With respect to staggering into an all nite convenience in search of Ginsters following a bit of a Sesh,Moon, what ever happened to the good old fashioned Doner Kebab in Naan Bread?! I can recommend an exceptionally FINE establishment on Tottenham Court Road, should you wish to try their wares.
It’s kill or cure……
There is nothing wrong with the Donna Kebab in a Nan, as a vehicle for the consumption of chili this works reasonably well. I wouldn’t want to limit myself to any one drunken feast food though. There is a whole world of Pizza, Biyrani, keema stuffed nan’s, burgers, southern fried chicken etc.

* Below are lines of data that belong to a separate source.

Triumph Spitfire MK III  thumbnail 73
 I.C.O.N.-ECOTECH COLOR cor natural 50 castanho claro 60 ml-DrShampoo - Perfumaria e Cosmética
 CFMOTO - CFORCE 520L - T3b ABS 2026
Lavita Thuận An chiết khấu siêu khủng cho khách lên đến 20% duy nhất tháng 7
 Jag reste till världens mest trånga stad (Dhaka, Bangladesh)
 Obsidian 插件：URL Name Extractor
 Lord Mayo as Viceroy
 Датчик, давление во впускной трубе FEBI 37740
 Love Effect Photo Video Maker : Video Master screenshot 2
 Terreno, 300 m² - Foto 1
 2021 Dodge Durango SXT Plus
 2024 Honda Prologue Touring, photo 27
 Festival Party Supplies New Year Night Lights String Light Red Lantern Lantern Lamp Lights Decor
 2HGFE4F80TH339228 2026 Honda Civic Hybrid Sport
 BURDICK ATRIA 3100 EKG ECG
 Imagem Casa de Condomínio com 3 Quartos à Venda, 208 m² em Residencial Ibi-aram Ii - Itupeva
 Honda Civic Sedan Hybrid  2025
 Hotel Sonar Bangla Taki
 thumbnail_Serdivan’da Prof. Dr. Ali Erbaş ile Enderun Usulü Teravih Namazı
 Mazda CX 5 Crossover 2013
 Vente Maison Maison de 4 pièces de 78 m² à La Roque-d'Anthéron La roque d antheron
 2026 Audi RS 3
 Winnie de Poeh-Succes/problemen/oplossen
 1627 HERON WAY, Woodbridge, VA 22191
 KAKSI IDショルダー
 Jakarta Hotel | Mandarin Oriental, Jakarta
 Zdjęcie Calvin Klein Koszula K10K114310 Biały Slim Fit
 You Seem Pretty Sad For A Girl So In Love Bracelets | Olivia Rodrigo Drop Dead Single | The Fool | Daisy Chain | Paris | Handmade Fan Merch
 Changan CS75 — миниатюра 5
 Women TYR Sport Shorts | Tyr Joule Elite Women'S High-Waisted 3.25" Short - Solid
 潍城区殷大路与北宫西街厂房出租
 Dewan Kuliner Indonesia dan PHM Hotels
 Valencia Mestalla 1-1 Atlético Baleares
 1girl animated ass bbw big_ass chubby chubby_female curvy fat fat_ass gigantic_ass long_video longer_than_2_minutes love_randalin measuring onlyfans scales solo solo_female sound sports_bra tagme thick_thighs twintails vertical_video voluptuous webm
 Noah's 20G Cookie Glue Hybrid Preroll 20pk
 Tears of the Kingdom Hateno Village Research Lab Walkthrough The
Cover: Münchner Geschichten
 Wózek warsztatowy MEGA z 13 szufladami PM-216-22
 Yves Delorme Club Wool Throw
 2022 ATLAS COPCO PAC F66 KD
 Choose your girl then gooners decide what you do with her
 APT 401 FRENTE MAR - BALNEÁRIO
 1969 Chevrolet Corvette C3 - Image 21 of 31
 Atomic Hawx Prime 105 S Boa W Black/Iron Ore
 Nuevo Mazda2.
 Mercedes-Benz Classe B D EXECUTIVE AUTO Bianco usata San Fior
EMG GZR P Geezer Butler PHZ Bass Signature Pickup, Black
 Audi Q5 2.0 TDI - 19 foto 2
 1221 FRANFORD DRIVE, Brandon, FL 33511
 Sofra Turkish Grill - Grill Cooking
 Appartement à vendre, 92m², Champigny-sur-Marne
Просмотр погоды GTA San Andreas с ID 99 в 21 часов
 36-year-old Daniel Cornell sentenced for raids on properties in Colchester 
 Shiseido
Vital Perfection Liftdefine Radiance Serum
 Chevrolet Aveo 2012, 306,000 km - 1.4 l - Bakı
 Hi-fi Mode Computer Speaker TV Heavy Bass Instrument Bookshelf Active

Occasionally I’ll even nibble on feta and olives, but I see these more as civilized starters, passing tributes to Bacchus to be had with wine, before the sprit of Pan can be unleashed in a full on animalistic satisfaction of my carnal desires via the consumption of Ginsters et all.
Then of course the king of all foods, duel headed god of pork scratching & pork pie’s (Muslim’s may disagree). Gingsters does deserve a mention in this pantheon, although its place is a little further down mount Olympus (a bit like Eris)
Eloquently put, Moon; I have plainly neglected the many and varied ways in which the hoplessly inebriated may feast upon his/her yearly allocation of MSG, Transfats,Chickens culled in suspcious circumstances, and Food Colourings with a half life of 600 years in order to sate the possibilty of the sort of hangover that would fell an Ox.
Packet of Crisps, anyone?!
What’s worse is when you see the places that serve the food in the cold light of day, with discarded industrial sized vats of Ghee; festering with rats and dried vomit.
I once lived above a street in Brighton that looked down on the main Kebab run, every Friday and Saturday night Kebab wars would break out. With roaming tribal factions staggering about in an orgiastic consumption of meat, chili and fat. Mixed with sexual jealousy.
How at five in the morning I would wake at dawn, and stare out to sea.. now the gulls then owned the road. Their prehistoric reptilian brains fighting over the discarded scraps from the mammals night out. A whole degraded eco-system existing on the back of the wonderful British binge drinking session.
The tired soulless expression of those working behind the sweat of the donor kebab, the promise of brightly colored cans of coke with empty promises. The underlying threat of violence and unspent testosterone mixed with the anticipation of a culinary treat. Then as your mouth sinks into the fat, all the pain disappears and for one moment you can fool yourself into thinking that all is well with the world.